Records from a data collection
----
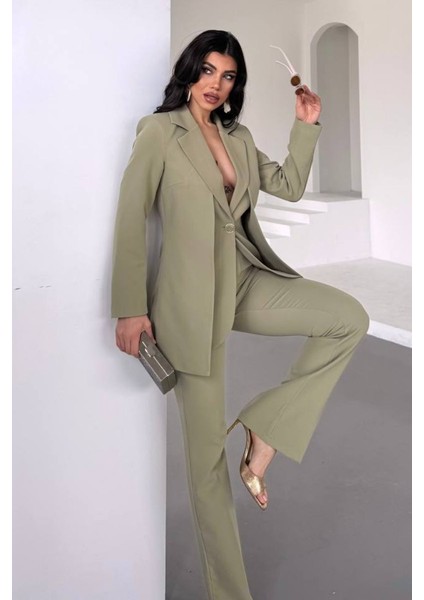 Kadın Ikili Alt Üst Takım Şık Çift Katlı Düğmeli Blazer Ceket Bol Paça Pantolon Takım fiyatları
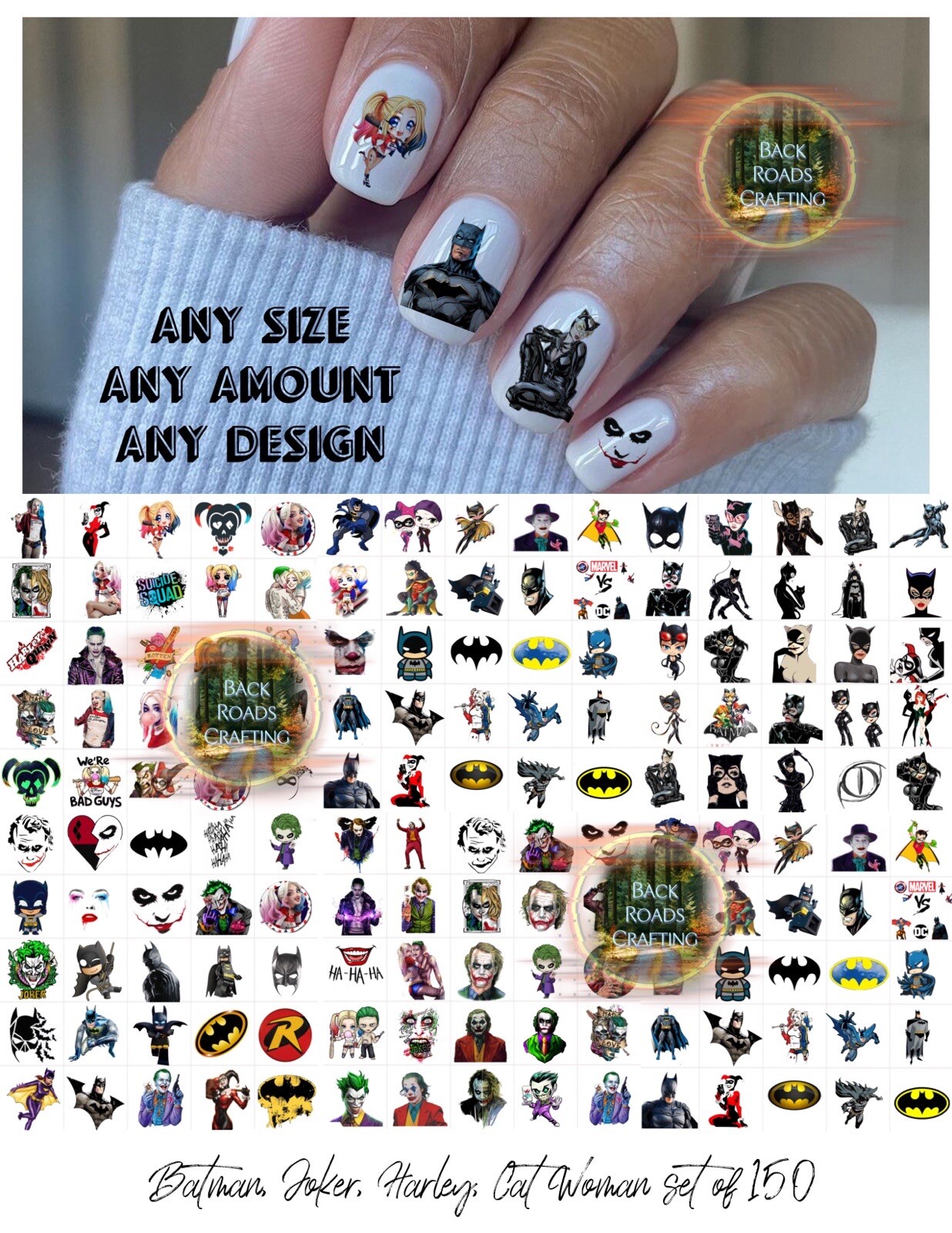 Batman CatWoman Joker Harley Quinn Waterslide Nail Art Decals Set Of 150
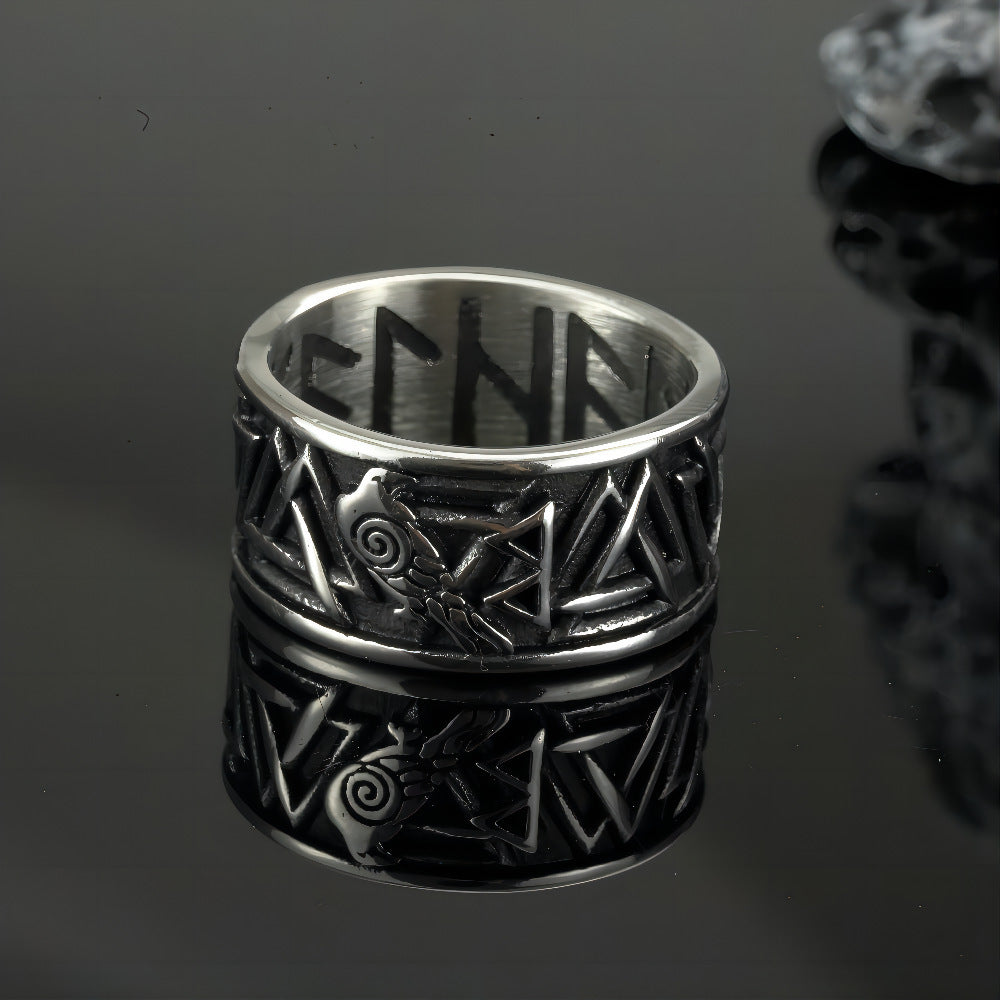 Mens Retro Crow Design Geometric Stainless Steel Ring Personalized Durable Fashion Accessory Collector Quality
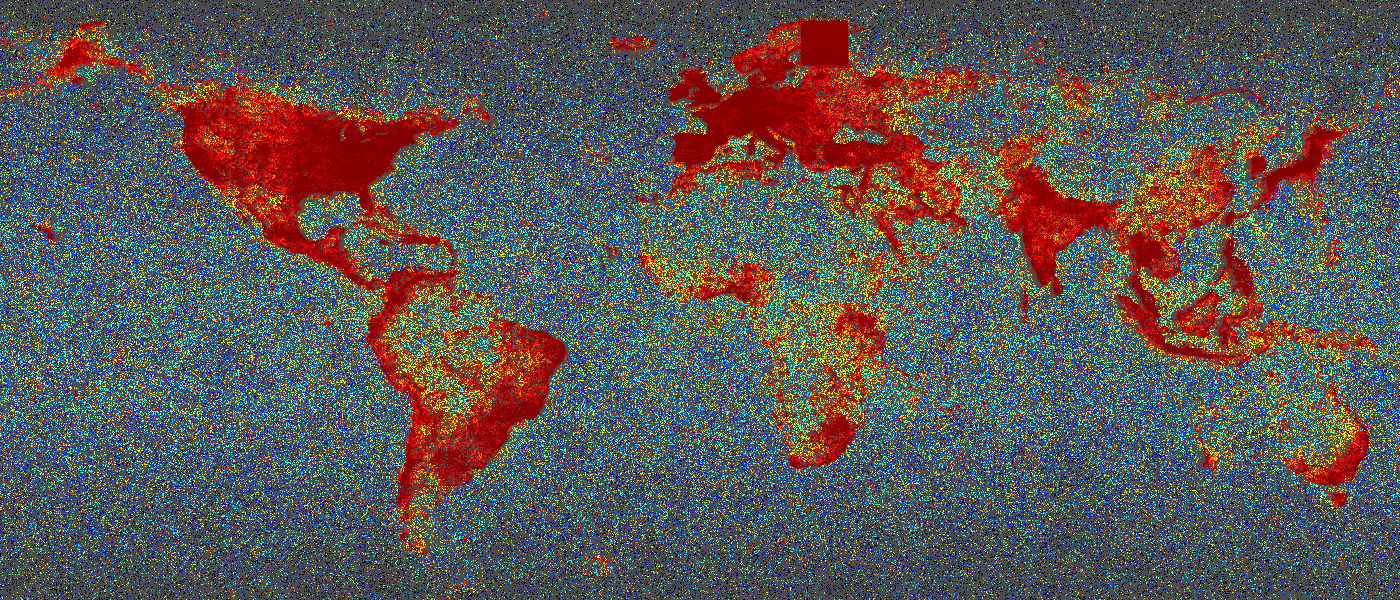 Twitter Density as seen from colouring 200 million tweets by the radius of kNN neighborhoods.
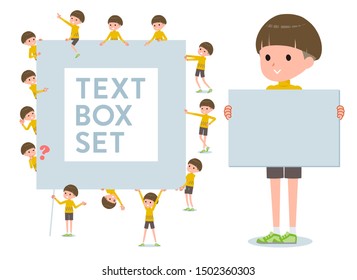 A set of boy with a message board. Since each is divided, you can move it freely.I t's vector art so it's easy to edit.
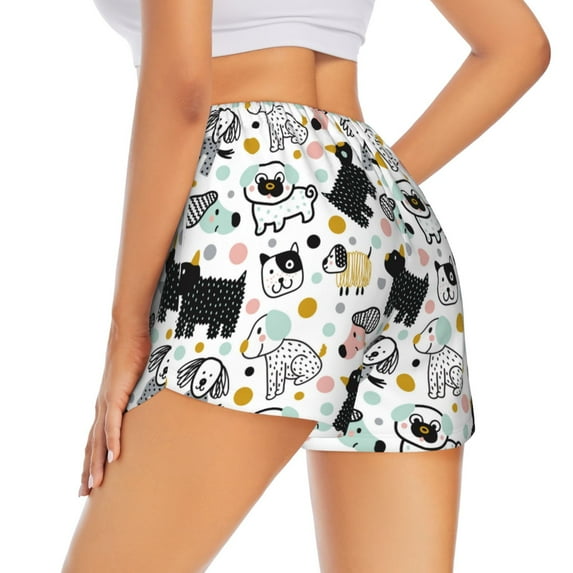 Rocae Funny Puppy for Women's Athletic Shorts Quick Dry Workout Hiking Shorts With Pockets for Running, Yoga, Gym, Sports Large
----
* [REQUIREMENT]: Write out exactly the lines between the start of the data and the line with "Batman CatWoman Joker", including both, but none of the pictures.

* [ANSWER FOR THE TASK]:
 Kadın Ikili Alt Üst Takım Şık Çift Katlı Düğmeli Blazer Ceket Bol Paça Pantolon Takım fiyatları
 Batman CatWoman Joker Harley Quinn Waterslide Nail Art Decals Set Of 150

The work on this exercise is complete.